第43話
「どうする? あんたも子供じゃないんだから、ここに来た意味はわかってるよね。別にこんなおばさんを相手にするのが嫌だと思うなら、らこのまま帰ってもいいんだよ。どうする?」
「いえ……」
弓削もソファーに坐って煙草の函を取り出した。それを見た占い師が透かさずライターの火を差し出した。
正直いって、弓削はこれから先どうしたらいいものか戸惑っている。まるで童貞を喪ったときのような気分だった。
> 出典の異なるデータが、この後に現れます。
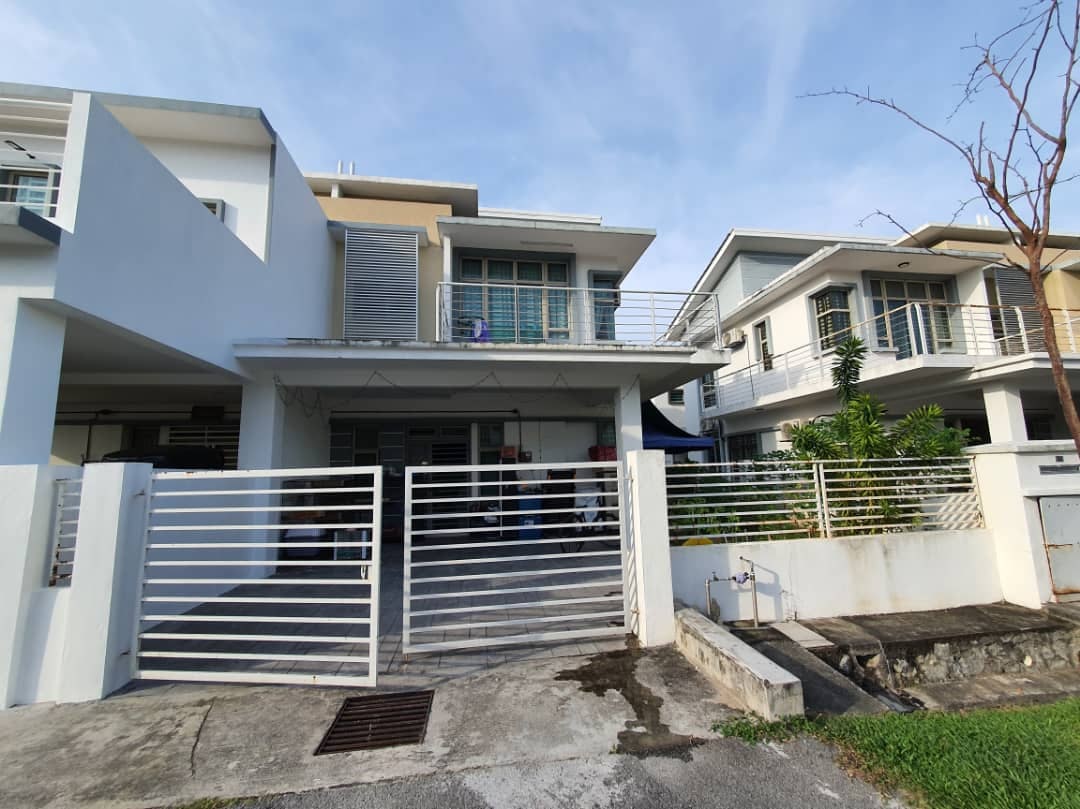 2 STOREY SEMI D ROYAL IVORY, BANDAR SAUJANA PUTRA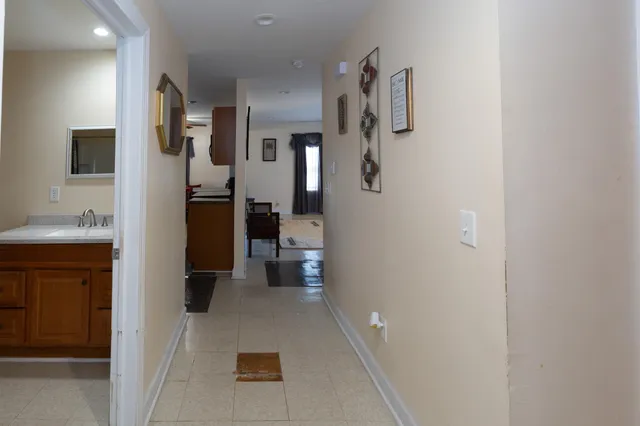 $639,000 | 126 North N Highway, Moncks Corner, SC 29461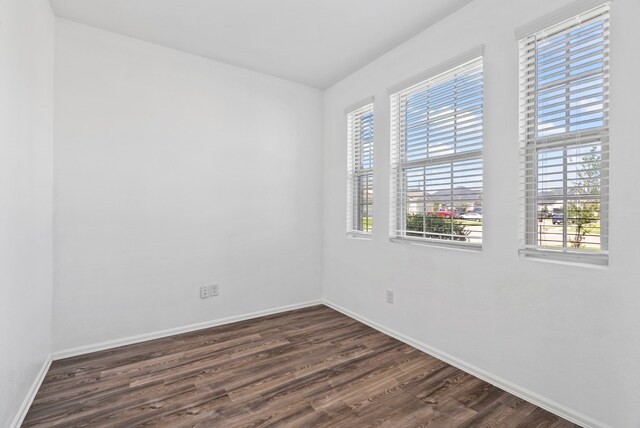 9002 Willowridge Ct, Baytown, TX 77521 - photo 5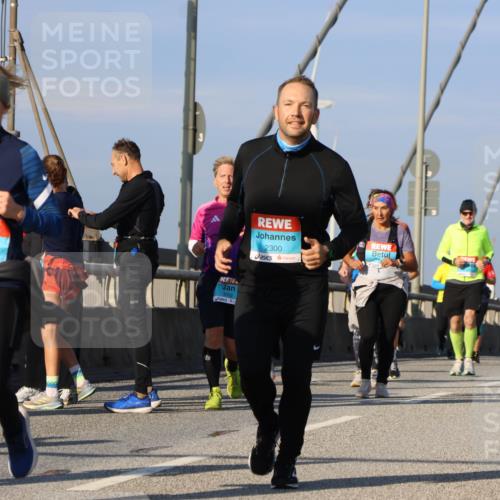 03.10.2025 - Köhlbrandbrückenlauf Strokosch-Dieckow http://msf.ph/oto/9121300 03.10.2025 09:56:42 Position 2 2298, 3562, 303, 2300 meine-sportfotos.de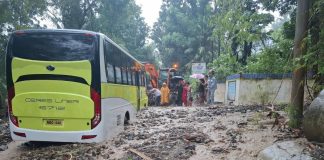 A Ceres bus and several motorists were stranded in Igbarawan, Patnongon on Sept. 26 due to heavy mud flows and rain. The Antique Provincial Disaster Risk Reduction and Management Office advised all commuters and individuals bound for the northern towns to postpone travel for now. PROVINCE OF ANTIQUE PHOTO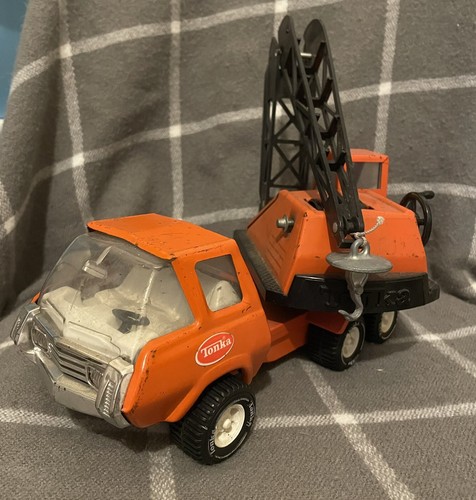 Vintage tonka toy crane lorry - toy,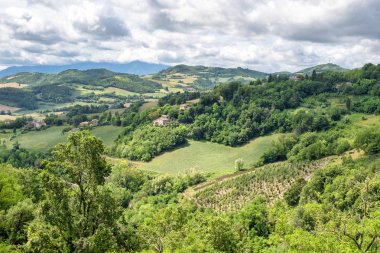Urbino eski ortaçağ kenti (Marche Region, İtalya) çevreleyen tepelerin panoramik görünümü. Renkli görüntü.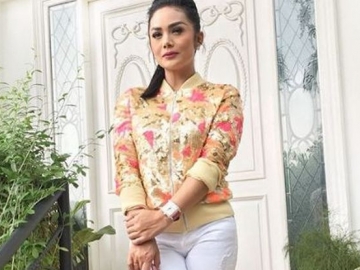 Tampil Cantik dengan Gaya Rambut Baru dan Pakaian Seksi, Krisdayanti Jadi Sorotan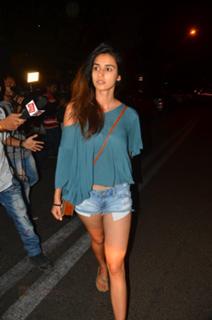 Disha Patani feet photo thumbnail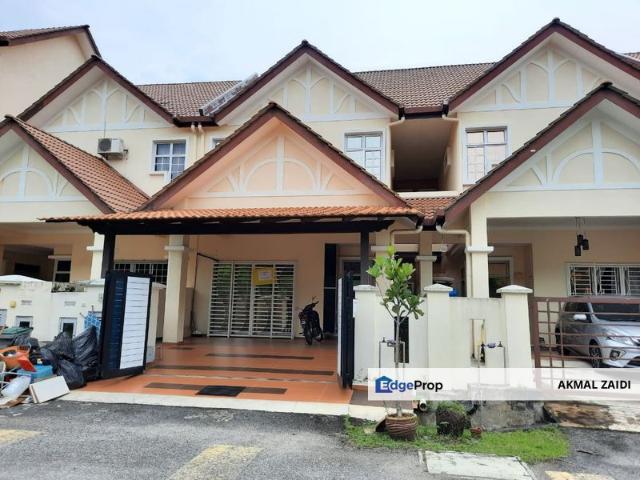 House for sale in Malaka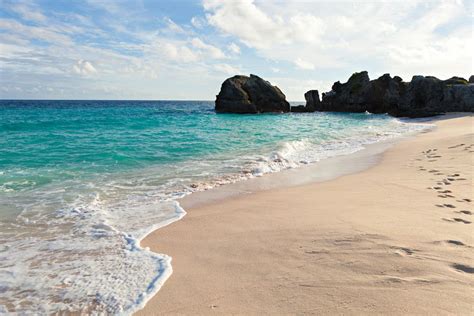 15 Best Beaches in Bermuda - The Crazy Tourist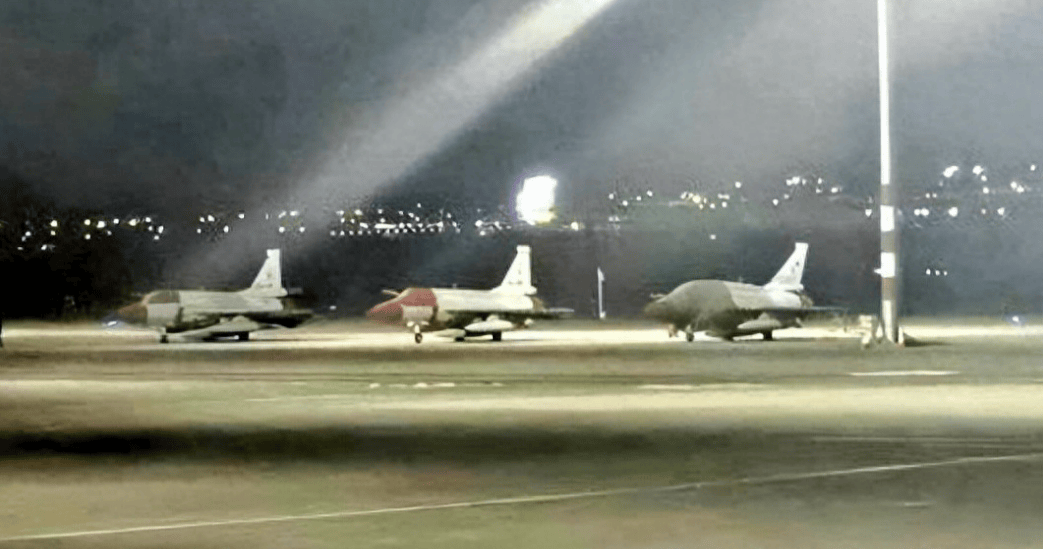 再次闪耀!多架“枭龙”正式交付阿塞拜疆,42亿美元大单落地了?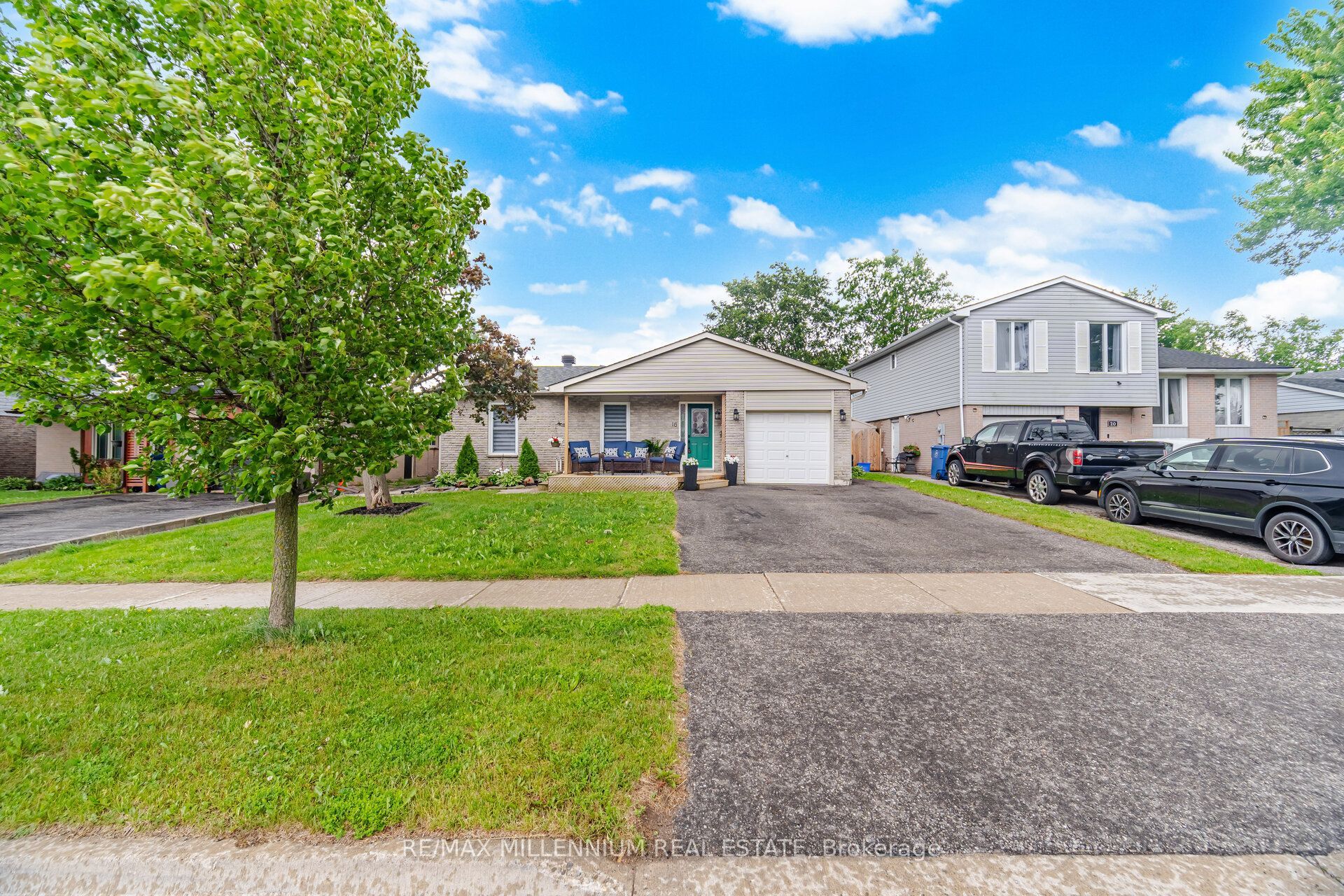 16 Brenda Boulevard, Orangeville, ON L9W 3L6 photo 2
これまで散々自分の都合ばかり頼んできて、この期に及んで同衾を断わることもできないし、自分が誘ったわけでもないから積極的な行動を取ることもできない。
「先生、先にシャワーを使ってください」
煙草を二、三口喫って考えた挙句の言葉が、どことなくよそよそしさがあった。
「そうしようかね」
占い師は短くいうと、ソファーから立ち上がって弓削のほうにクルリと背中を向けた。そして、商売柄お決まりの服装といってもいい裾の長い黒ドレスのファスナーを降ろせといわんばかりに腕を廻して指差した。
弓削は指図されたまま後ろに立ってファスナーを摘むと、一気に腰の辺りまで降ろした。黒いドレスがV字形に大きく裂かれると、服の色とは対照的な白い肌が現われた。
占い師はドレスの袖から腕を抜くようにしながら部屋の隅に行き、ドレスを脱ぎ終えると、スリップ姿のままでハンガーに掛けてクローゼットにしまい込んだ。その仕草を煙草を喫いながら見ていた弓削は、どう見ても占い師は酔っていないように思えて仕方なかった。
ひょっとして、くにちゃんの店にいるときから計算されていたものかも知れない……そんな憶測が脳裡を過ぎった。
しかしここまで来たからにはそんなことどうでもよかった。それに、弓削には占い師にもう一度頼みたいことがあったので、あまり深く考えないようにしていわれるがままでいようと思った。